REPUBLIKA.CO.ID, TUNIS -- Pada 2011, aksi protes warga Tunisia berhasil menggulingkan penguasa otokrat Zine El-Abidine Ben Ali. Tak hanya itu, demo besar-besaran di Tunisia bahkan memicu lahirnya Arab Spring di wilayah Timur Tengah.

Sempat terjun ke dalam krisis politik pada 2013, demokrasi baru telah ditemukan di Tunisia di tengah bahaya besar. Terlebih kala itu, pembunuhan seorang politikus sayap kiri mendorong kelompok oposisi keluar dari majelis konstitusi. Pemerintahan lumpuh, konstitusi belum rampung dan Tunisia diambang perang.

Kemudian empat kelompok masyarakat sipil -Tunisian General Labour Union (UGTT), Tunisian Confederation of Industry, Trade and Handicrafts (UTICA), the Tunisian Human Rights League (LTDH), dan Persatuan Pengacara Tunisia- melangkah ke depan. Mereka bekerja sama untuk mendapat persetujuan kelompok Islam mengundurkan diri demi pemerintahan baru, dan merayu oposisi yang marah kembali ke meja perundingan untuk menyelesaikan konstitusi negara.

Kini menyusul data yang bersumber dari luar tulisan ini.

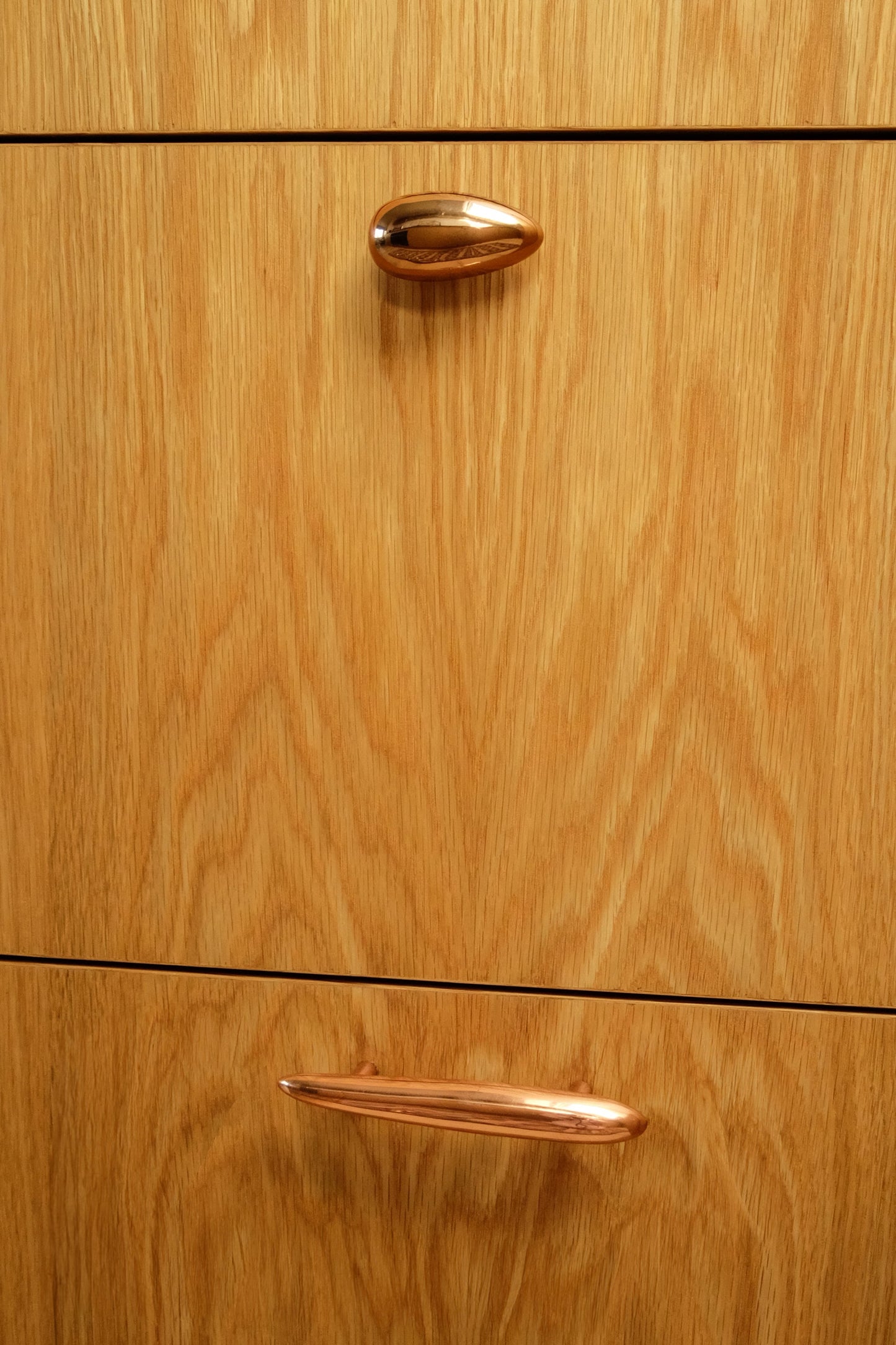 Momi Knob/Hook - Long Mini Hardware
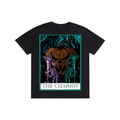 The Chariot Tarot Card Pure Cotton Unisex T-Shirt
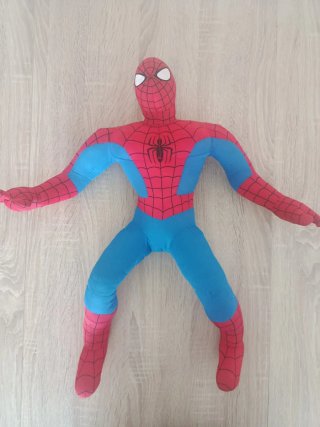 Peluche Spiderman Grande 54cm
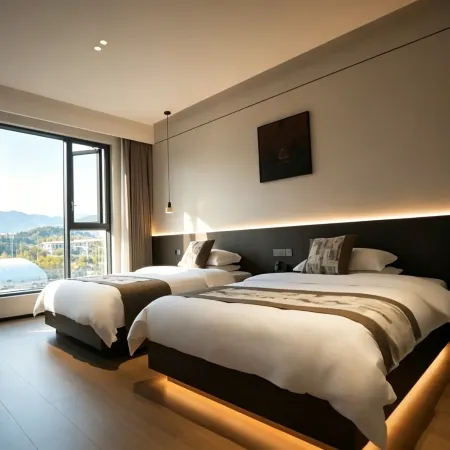 Banmutang Hostel, Ningguo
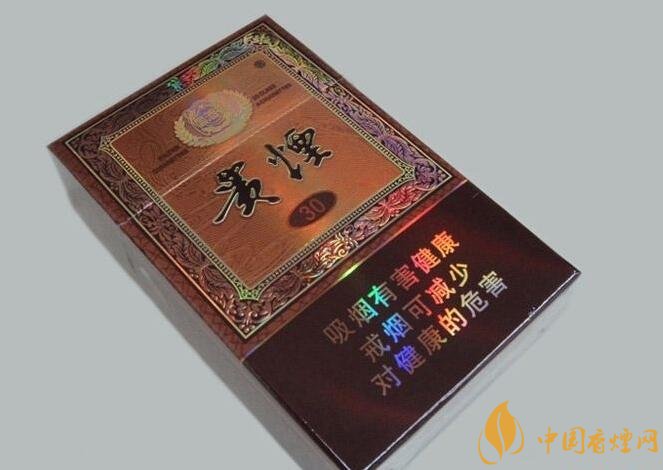 2018年新上市的煙有哪些(7款)，新上市高端香煙盤點(diǎn)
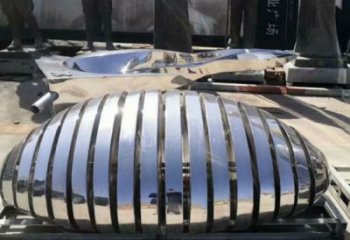 戶外坐凳雕塑，鏡面歐式雕塑，拋光工藝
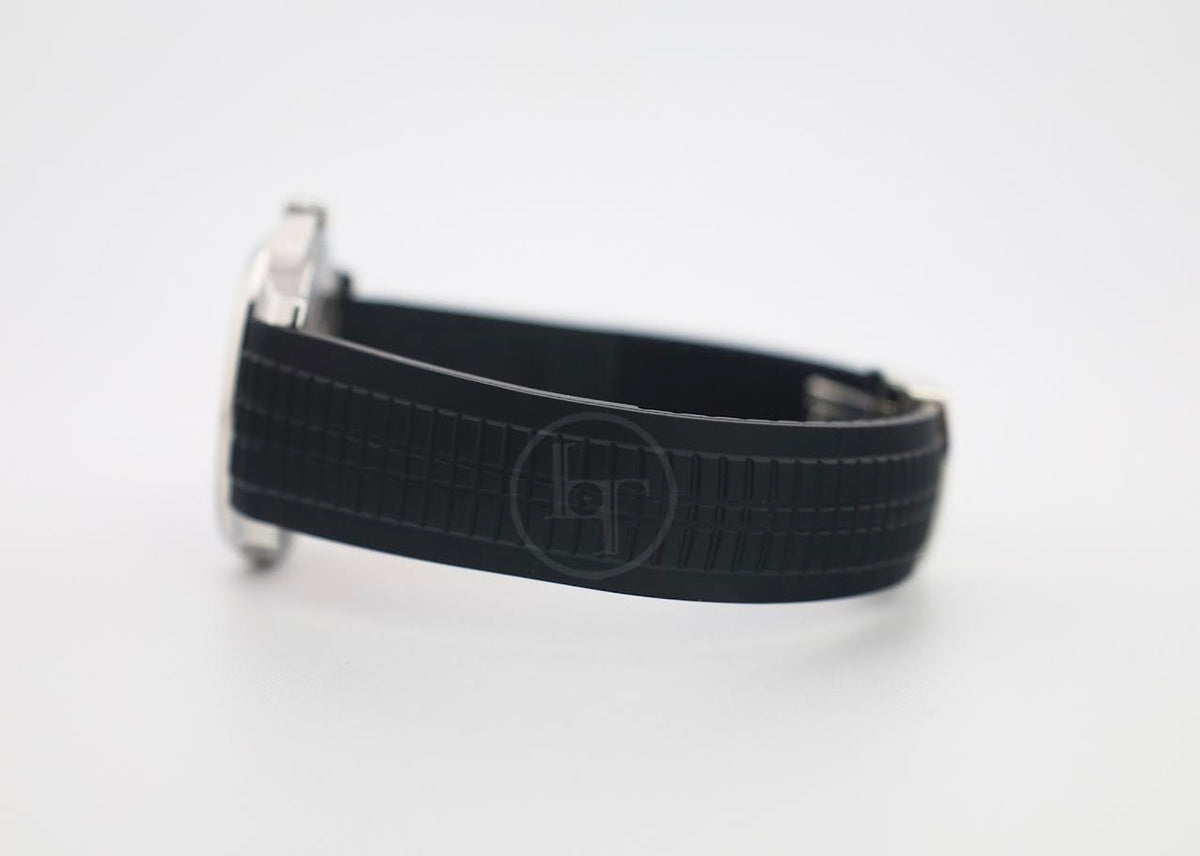 Patek Philippe Aquanaut Date Sweep Seconds Stainless Steel Black Dial | 5167A-001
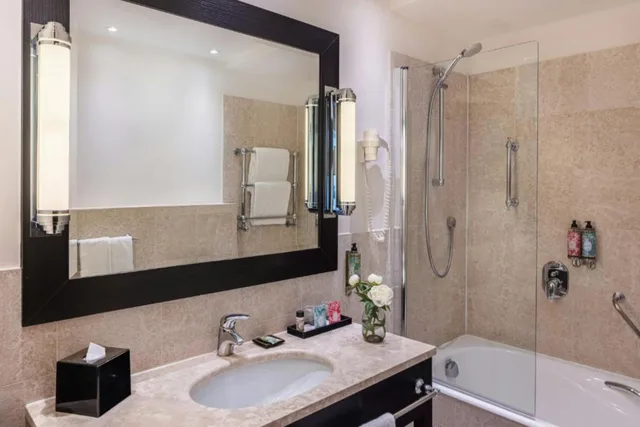 Superior Double for Sinlge Use، Starhotels Anderson 4/4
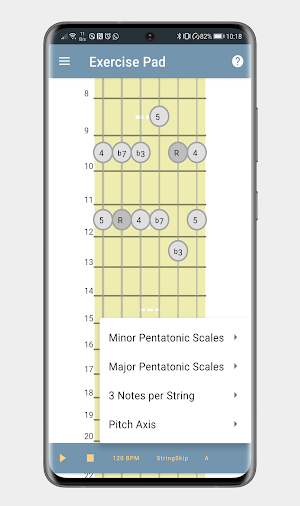 metal.guitarist Screenshot 2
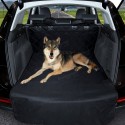 Car Quilted Washable Pet Seat Cover Cargo Cover for SUV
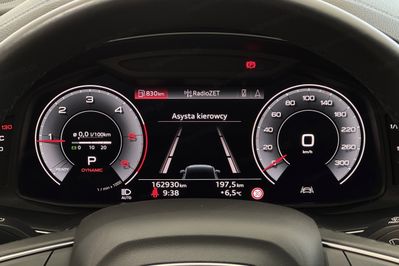 Audi Q7 45 TDI quattro S Line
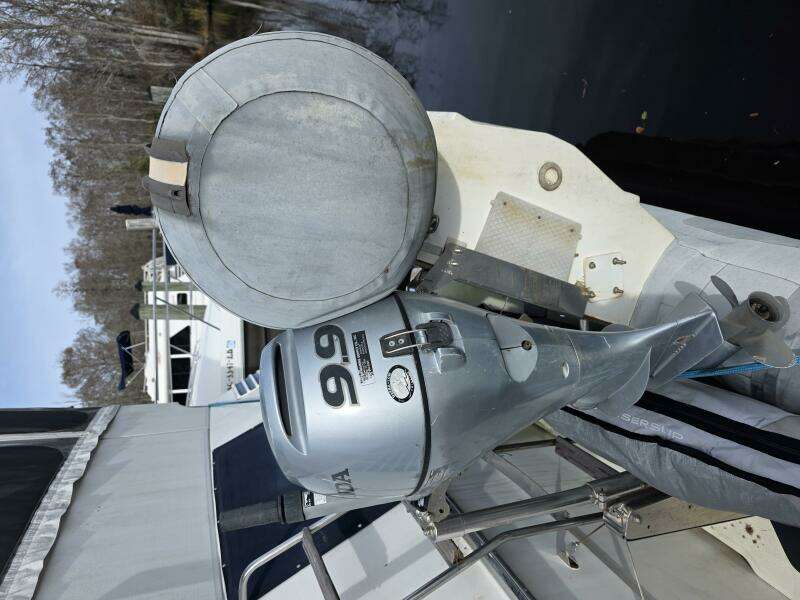 Triskele 45ft Sea Ray Yacht For Sale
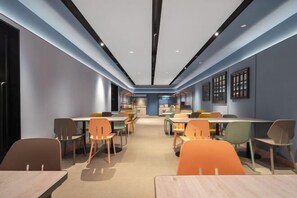 Restaurant - HanTing Hotel (Xiamen Wenzao The MixC) (Xiamen)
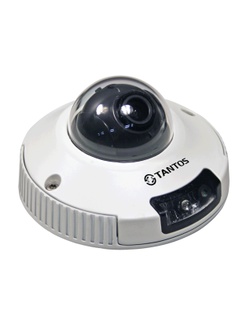 фото Уличная IP видеокамера Tantos TSi-DVm311F (3.6)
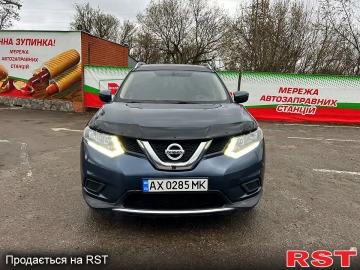 Авто Nissan Rogue 2016 № 7574363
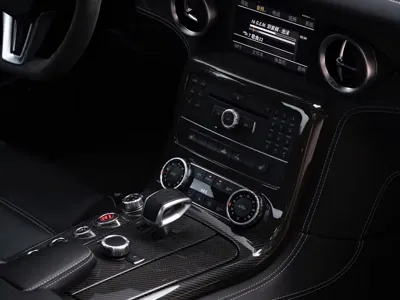 Mercedes-Benz SLS AMG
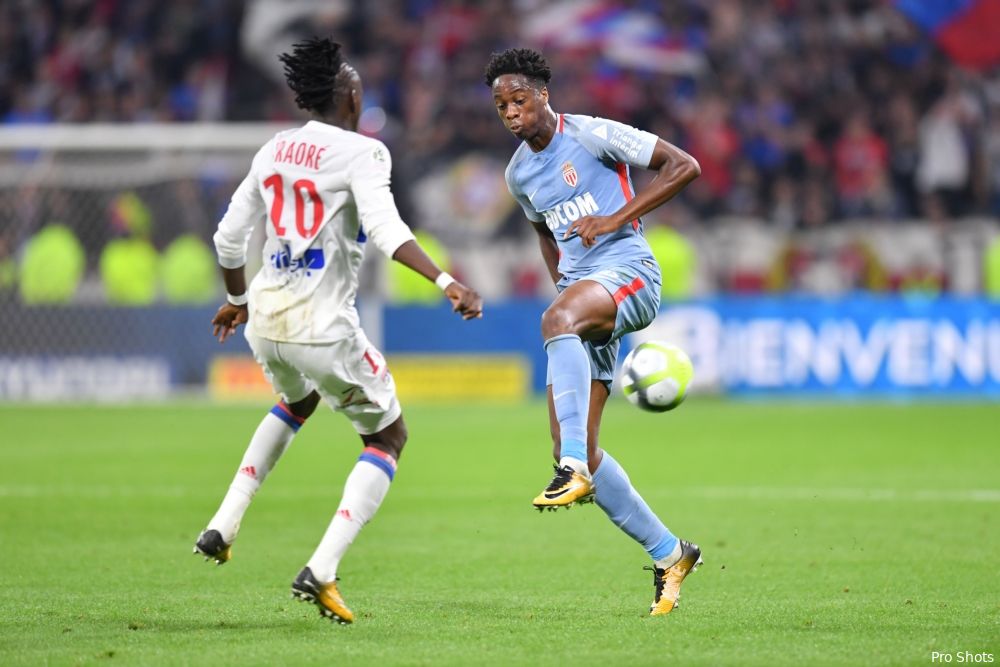 Terence Kongolo maakt debuut in Franse competitie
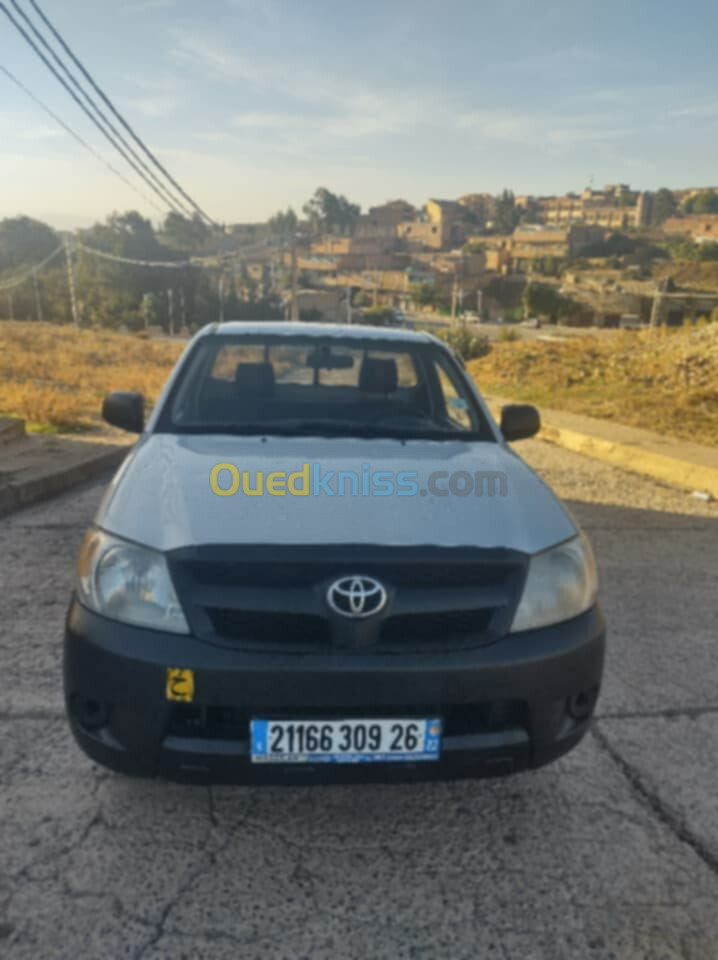 Toyota Hilux 2009 Hilux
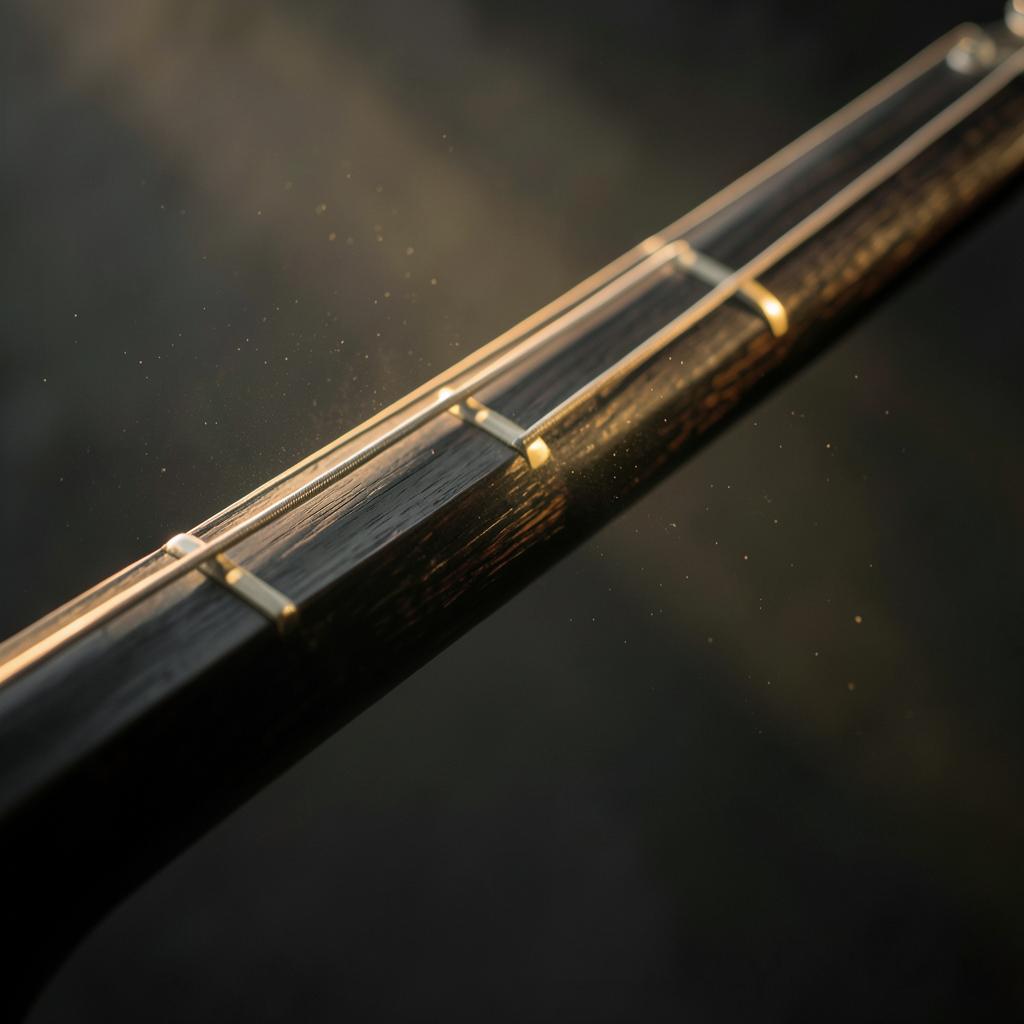 Fretless Blues artwork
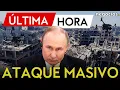 Download Lagu ÚLTIMA HORA GUERRA UCRANIA: Rusia lanza un \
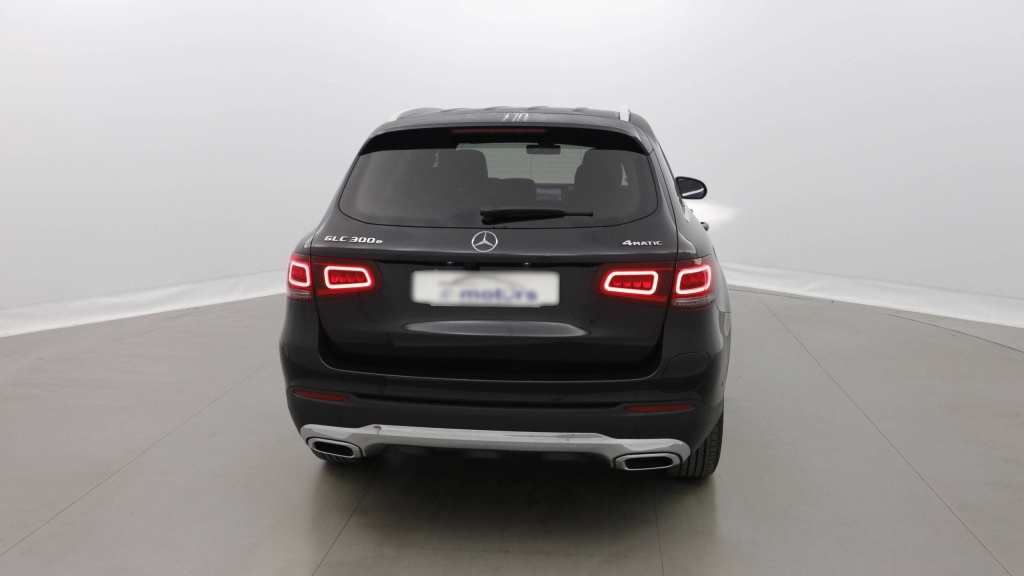 MERCEDES GLC Avantgarde Line 300E 9G-TRONIC 4MATIC AVANTGARDE LINE - ref: 5-1365633 - Photo 5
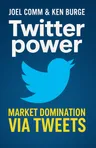 Cover of 'Twitter power'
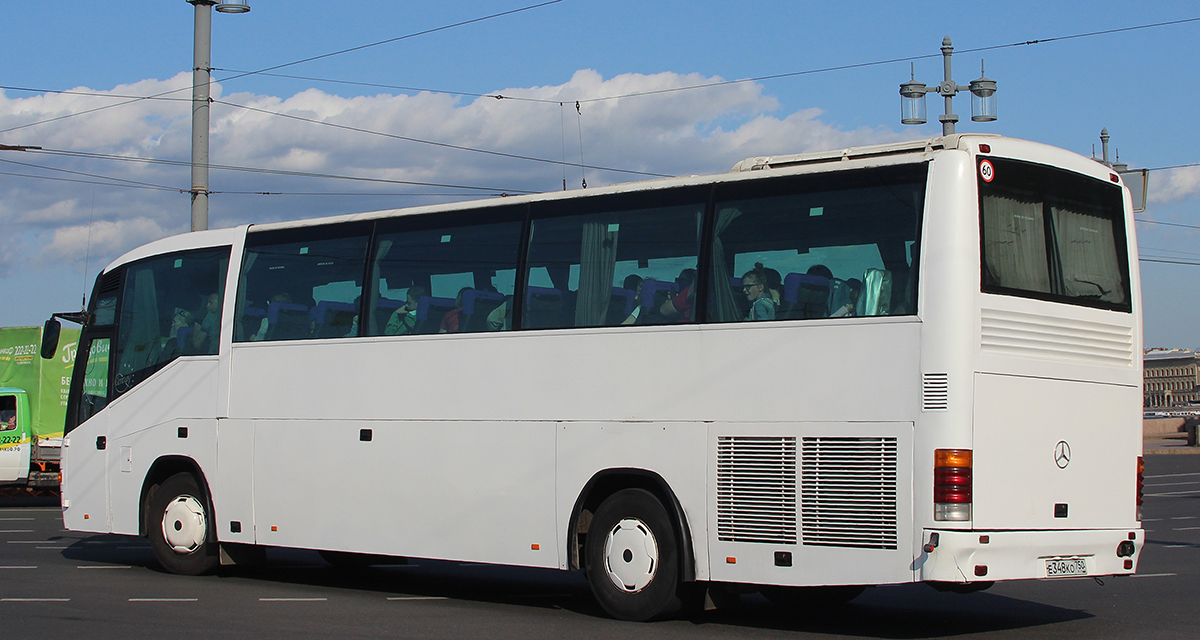 Санкт-Петербург, Irizar Century 12.35 № Е 348 КО 750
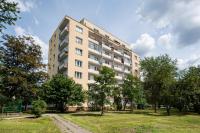 Warsaw Skyline Blue Studio by BookingHost - B&B Varsovia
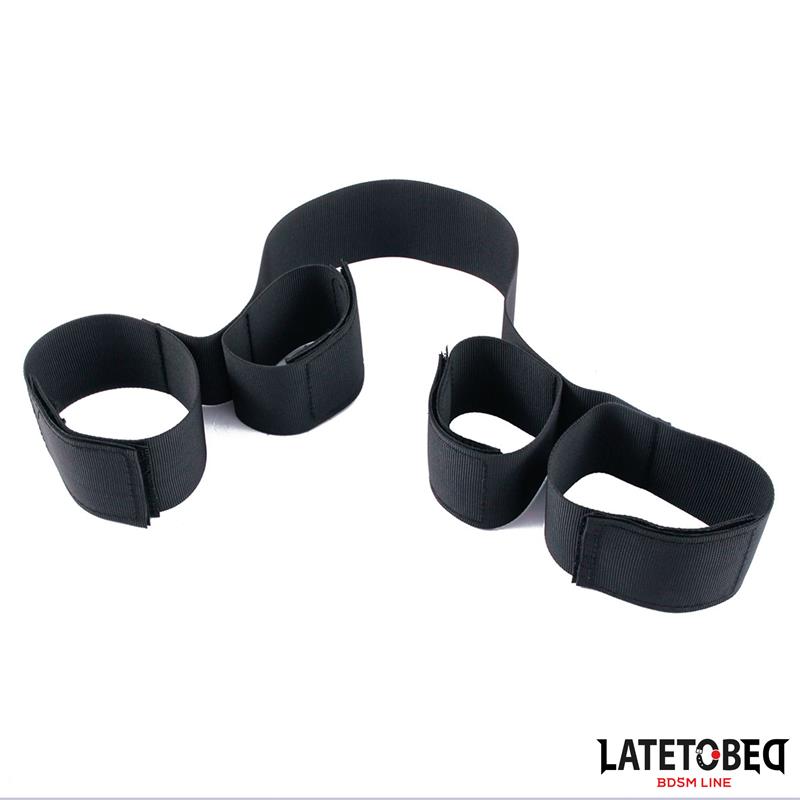 LATETOBED BDSM LINE - LEG SPREADER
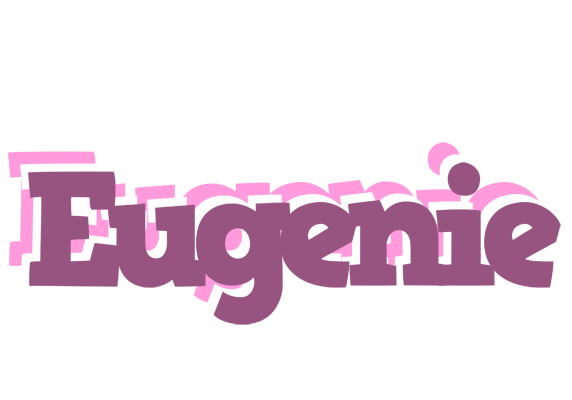 Eugenie relaxing logo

Kelompok yang terkenal dengan sebutan kuartet Dialog Nasional Tunisia itu berhasil membuat Tunisia merumuskan konstitusi baru. Dengan itu Tunisia berhasil menggelar pemilu yang bebas dan menjadi penengah kepemimpinan Islam dan sekuler. Ini menunjukkan Tunisia menjadi model bagaimana membawa transisi dari kediktatoran menuju demokrasi.

Kini kuartet Dialog Nasional Tunisia tersebut meraih Hadiah Nobel Perdamaian pada Jumat (9/10). Komite Nobel Norwegia dalam pernyataannya mengatakan, kuartet berhasil membantu mendukung proses demokratisasi saat dalam bahaya keruntuhan.

Kepala UGTT Hussein Abassi mewakili kuartet Dialog Nasional Tunisia menyatakan kegembiraan mereka meraih penghargaan tersebut. Menurut Abassi penghargaan ini bukan hanya kebanggaan bagi Tunisia tapi juga harapan bagi Dunia Arab.

"Ini adalah pesan bahwa dialog dapat membawa kita pada jalan yang benar. Penghargaan ini adalah pesan untuk wilayah kami untuk meletakkan senjata dan duduk serta berbicara di meja perundingan," ujar Abassi.

Kepala Komite Nobel Kaci Kullman Five mengatakan, saat ini merupakan waktu yang tepat untuk menempatkan pusat perhatian pada hasil positif yang diperoleh Tunisia. Ini diharapkan dapat menginspirasi orang-orang Tunisia untuk dapat melanjutkan pembangunan atas dasar persatuan ini.

Komite Nobel Norwegia memuji kuartet Dialog Nasional Tunisia mampu memberikan alternatif dan mengawal proses politik damai, saat negara di ambang perang sipil.

"Lebih dari apa pun, hadiah ini dimaksudkan sebagai dorongan kepada orang-orang Tunisia, yang meskipun menghadapi tantangan besar tapi telah meletakkan ini atas dasar persaudaraan nasional. Komite berharap akan menjadi contoh yang harus diikuti oleh negara-negara lain," katanya.

Direktur Timur Tengah dan Afrika Utara untuk Pusat Studi Islam dan Demokrasi, William Lawrence, mengatakan hadiah menunjukkan kepada dunia bahwa proses demokrasi hidup di Tunisia. Demokrasi bertahan meskipun adanya ancaman kembar krisis ekonomi dan serangan teroris.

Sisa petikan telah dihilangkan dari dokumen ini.